"""

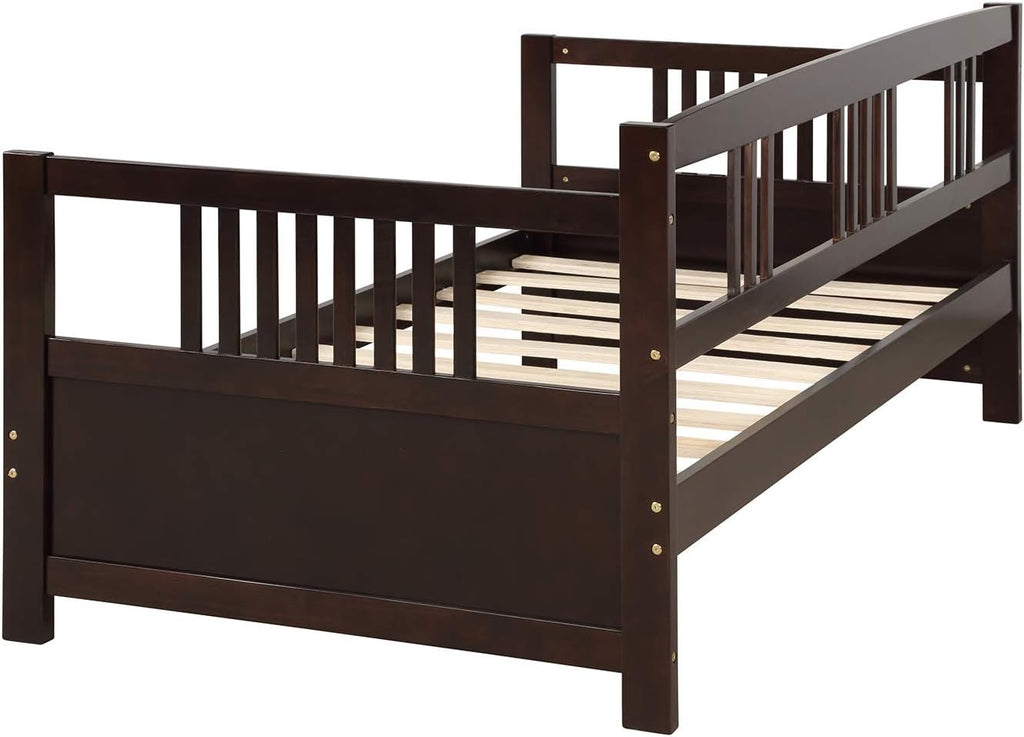 Twin Size Solid Wood Daybed W982712
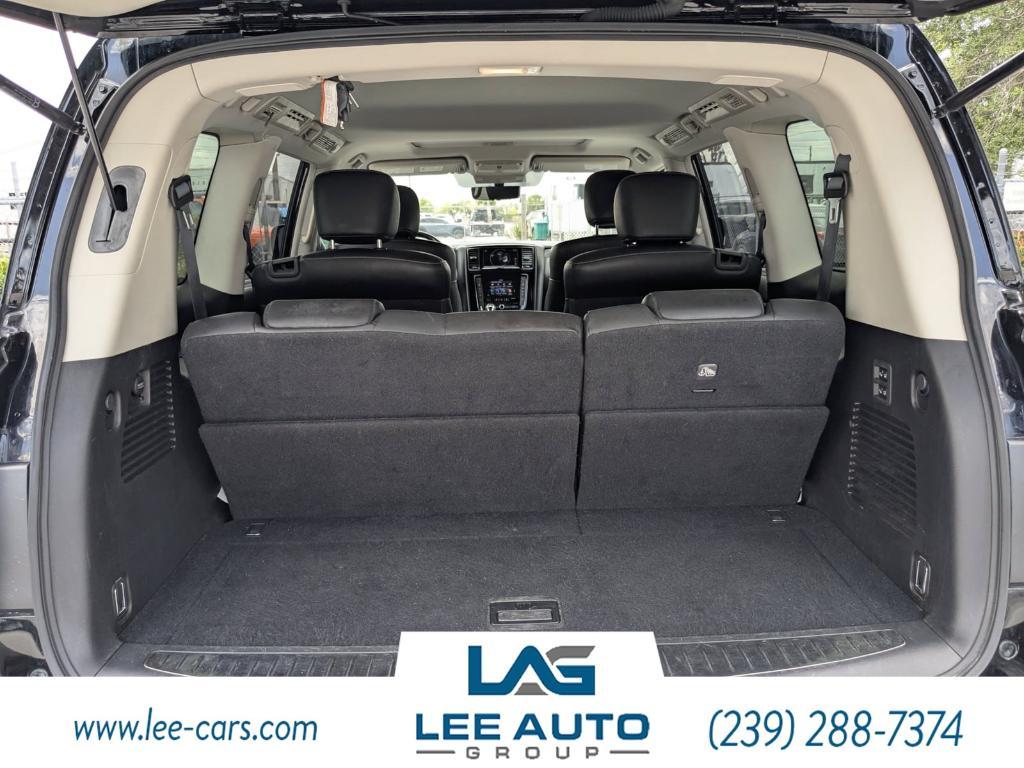 used 2021 INFINITI QX80 car
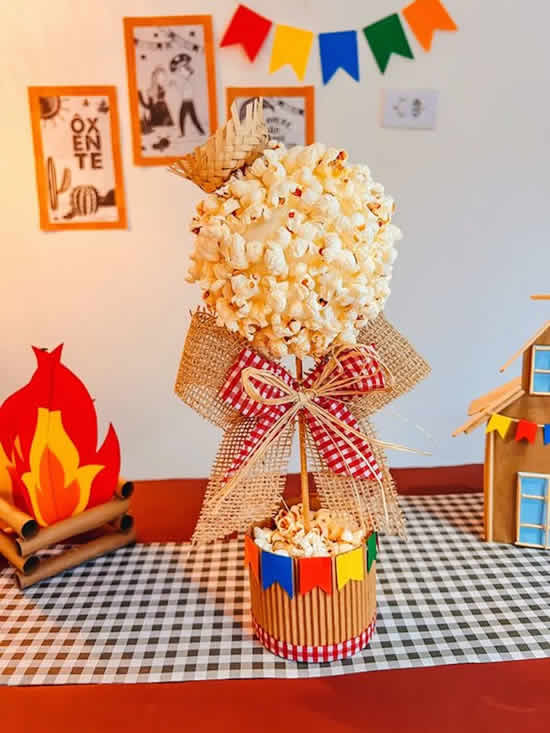 ideias criativas decoração festa junina aniversário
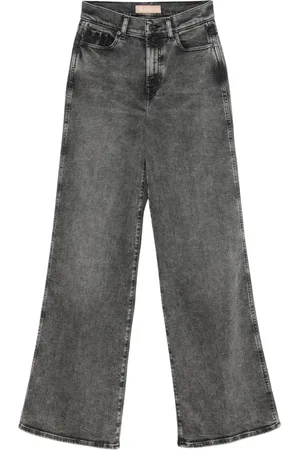 7 for all Mankind Jeansy, Kobieta, Czarny, W26, Denim, Premium Denim Night Out Jeansy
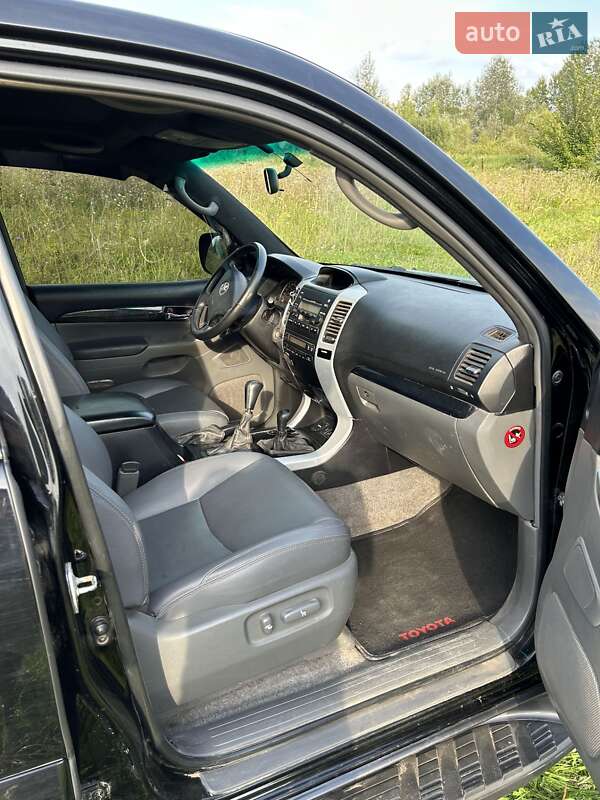 Позашляховик / Кросовер Toyota Land Cruiser Prado 2008 в Охтирці фото 21 Позашляховик / Кросовер Toyota Land Cruiser Prado 2008 в Охтирці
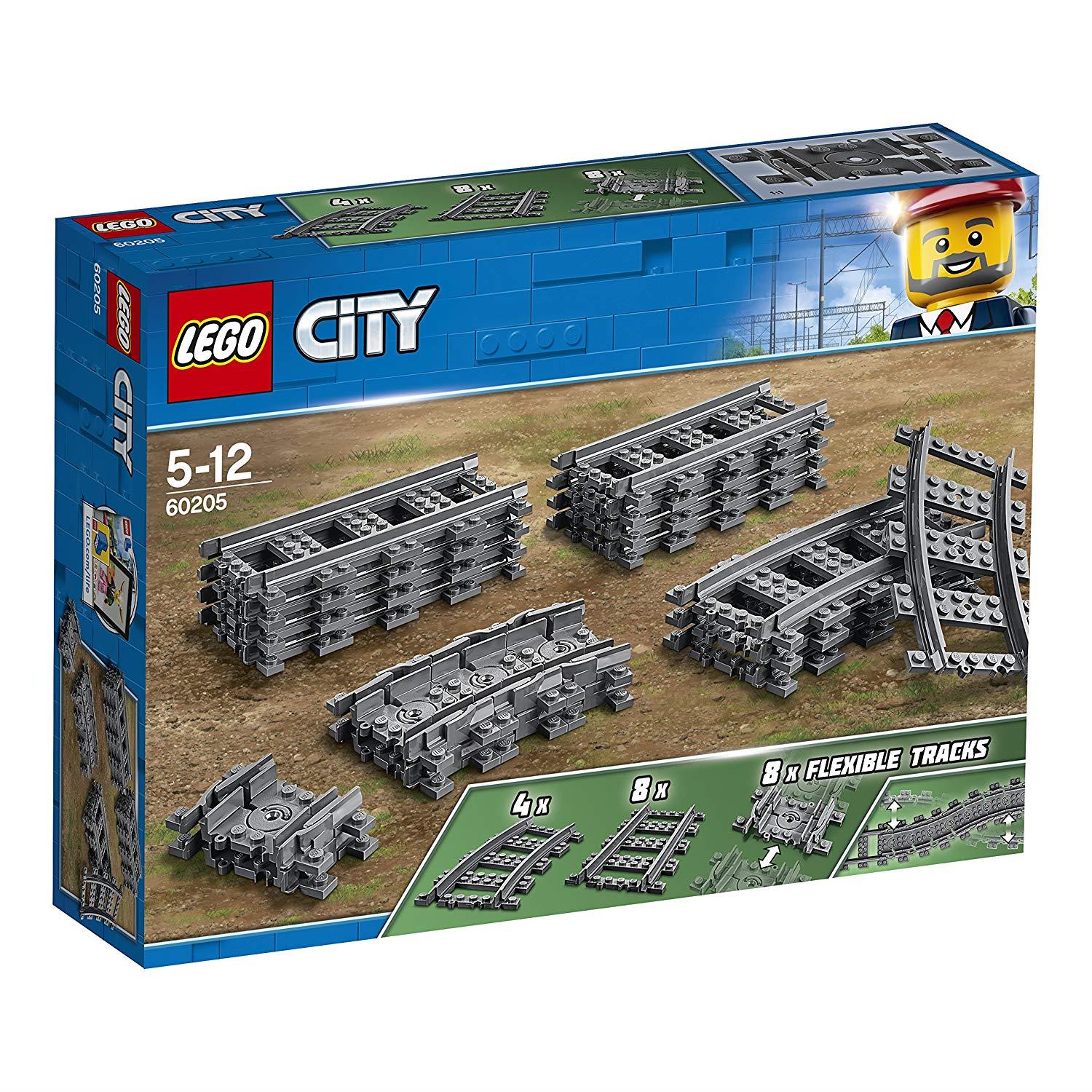 Lego 60205 City Schienen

"""

* **Task brief**: Output nothing but an exact retyping of the material, pictures excluded.

* **Reply**:
 Twin Size Solid Wood Daybed W982712
 used 2021 INFINITI QX80 car
 ideias criativas decoração festa junina aniversário
 7 for all Mankind Jeansy, Kobieta, Czarny, W26, Denim, Premium Denim Night Out Jeansy
 Позашляховик / Кросовер Toyota Land Cruiser Prado 2008 в Охтирці фото 21 Позашляховик / Кросовер Toyota Land Cruiser Prado 2008 в Охтирці
 Lego 60205 City Schienen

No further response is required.